◆ DIRECTIONS FOR THIS TASK ◆
Below are some records. Count the lines with "central" in them and give nothing but the total.

◆ PROVIDED RECORDS ◆

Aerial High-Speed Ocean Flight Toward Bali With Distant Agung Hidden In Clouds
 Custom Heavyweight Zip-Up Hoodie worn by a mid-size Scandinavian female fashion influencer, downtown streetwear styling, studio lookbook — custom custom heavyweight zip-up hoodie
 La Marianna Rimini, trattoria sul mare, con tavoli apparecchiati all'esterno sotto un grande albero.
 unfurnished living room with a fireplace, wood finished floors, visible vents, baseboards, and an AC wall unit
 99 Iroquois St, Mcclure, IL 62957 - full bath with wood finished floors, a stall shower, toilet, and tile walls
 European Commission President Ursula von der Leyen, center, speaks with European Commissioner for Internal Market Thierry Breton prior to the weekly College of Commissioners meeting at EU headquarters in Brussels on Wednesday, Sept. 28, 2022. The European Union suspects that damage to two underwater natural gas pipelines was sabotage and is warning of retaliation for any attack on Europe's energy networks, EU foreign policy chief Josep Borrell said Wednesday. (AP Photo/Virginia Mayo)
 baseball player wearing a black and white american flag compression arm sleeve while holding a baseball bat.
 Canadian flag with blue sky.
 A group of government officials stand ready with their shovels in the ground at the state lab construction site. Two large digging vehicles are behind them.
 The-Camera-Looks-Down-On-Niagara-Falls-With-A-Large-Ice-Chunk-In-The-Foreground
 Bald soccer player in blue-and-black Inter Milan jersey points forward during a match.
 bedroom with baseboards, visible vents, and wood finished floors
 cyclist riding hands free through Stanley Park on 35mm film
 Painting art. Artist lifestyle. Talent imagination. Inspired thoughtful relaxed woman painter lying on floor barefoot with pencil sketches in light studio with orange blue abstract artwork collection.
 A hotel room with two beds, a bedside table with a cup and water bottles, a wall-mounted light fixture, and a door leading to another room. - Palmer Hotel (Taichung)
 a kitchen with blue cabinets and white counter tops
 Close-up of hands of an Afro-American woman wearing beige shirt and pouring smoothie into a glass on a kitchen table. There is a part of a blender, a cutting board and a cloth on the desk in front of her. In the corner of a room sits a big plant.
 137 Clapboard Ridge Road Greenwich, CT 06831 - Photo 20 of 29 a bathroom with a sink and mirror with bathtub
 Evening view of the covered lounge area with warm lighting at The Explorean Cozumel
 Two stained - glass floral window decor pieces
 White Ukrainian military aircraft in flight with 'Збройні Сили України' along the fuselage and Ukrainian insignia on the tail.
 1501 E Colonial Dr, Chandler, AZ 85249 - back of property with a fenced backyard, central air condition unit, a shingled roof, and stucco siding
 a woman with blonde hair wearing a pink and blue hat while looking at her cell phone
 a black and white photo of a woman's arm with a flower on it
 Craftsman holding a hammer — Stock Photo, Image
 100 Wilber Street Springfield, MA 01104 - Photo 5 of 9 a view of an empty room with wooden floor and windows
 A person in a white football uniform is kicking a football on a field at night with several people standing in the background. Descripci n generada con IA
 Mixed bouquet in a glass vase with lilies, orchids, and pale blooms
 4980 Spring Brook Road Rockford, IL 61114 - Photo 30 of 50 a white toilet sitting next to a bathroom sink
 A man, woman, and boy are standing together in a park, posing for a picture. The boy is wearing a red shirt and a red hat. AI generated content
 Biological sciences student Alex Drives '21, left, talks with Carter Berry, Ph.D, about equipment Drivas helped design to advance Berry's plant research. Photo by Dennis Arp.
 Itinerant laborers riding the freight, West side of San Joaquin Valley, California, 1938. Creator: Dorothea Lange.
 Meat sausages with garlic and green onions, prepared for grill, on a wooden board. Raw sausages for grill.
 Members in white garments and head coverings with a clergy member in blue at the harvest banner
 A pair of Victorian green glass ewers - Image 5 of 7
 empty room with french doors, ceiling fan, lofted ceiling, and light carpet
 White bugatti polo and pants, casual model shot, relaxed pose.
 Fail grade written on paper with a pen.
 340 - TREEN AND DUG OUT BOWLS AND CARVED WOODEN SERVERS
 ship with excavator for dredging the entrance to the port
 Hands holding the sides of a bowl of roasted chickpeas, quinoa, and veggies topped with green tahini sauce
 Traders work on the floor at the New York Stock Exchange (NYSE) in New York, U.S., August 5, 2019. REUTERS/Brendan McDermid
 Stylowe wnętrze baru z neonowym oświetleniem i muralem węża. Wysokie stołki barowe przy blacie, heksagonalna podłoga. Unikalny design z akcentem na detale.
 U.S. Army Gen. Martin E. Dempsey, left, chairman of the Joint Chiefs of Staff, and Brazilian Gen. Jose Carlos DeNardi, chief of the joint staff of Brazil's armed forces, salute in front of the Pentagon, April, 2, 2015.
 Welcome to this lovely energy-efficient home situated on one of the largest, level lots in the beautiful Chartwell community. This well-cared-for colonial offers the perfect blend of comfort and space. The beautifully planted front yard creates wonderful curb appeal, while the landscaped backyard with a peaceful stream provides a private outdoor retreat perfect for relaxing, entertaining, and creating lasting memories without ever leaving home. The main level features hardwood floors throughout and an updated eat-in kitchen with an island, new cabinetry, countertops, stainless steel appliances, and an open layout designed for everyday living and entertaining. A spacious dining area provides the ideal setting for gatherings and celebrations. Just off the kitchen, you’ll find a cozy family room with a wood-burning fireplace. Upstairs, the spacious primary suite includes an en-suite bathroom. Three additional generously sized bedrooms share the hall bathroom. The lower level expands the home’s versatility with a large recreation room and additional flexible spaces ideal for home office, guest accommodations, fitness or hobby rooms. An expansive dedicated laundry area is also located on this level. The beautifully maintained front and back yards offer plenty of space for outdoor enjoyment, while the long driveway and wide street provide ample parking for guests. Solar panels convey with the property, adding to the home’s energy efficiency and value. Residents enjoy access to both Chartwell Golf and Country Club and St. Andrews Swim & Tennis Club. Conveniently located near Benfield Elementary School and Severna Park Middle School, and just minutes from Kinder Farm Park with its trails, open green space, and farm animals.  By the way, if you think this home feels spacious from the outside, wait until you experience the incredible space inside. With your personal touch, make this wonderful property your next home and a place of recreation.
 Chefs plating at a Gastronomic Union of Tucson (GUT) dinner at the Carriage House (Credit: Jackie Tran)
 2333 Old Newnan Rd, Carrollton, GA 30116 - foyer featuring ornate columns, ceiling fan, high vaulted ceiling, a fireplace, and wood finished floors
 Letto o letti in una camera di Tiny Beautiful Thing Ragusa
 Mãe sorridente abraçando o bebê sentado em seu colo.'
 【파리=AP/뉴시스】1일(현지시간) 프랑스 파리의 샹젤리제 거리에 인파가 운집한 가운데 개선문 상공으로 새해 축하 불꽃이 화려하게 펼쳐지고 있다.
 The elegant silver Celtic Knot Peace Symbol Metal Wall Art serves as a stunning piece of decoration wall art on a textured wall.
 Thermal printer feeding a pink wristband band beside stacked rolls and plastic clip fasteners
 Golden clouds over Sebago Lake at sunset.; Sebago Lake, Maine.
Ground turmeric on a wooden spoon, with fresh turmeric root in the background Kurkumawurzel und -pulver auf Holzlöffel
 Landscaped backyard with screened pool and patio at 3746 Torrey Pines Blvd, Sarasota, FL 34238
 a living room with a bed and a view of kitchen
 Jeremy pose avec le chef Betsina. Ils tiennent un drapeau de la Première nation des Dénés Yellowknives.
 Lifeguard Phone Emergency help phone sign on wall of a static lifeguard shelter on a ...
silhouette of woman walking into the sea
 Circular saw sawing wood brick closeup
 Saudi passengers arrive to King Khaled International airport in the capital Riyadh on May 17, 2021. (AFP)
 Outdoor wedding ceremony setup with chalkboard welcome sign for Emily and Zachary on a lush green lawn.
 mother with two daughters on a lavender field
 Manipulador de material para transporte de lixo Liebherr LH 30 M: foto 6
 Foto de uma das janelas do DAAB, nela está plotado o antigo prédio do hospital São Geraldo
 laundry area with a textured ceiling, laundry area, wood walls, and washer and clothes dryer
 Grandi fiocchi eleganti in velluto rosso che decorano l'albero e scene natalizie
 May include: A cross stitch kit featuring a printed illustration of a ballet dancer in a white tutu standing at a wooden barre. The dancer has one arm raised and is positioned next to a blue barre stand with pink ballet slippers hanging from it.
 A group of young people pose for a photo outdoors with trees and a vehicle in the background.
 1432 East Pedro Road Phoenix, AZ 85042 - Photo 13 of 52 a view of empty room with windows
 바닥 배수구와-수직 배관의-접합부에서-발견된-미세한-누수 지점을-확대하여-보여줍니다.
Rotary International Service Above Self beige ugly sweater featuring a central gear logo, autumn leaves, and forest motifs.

◆ YOUR SOLUTION ◆
2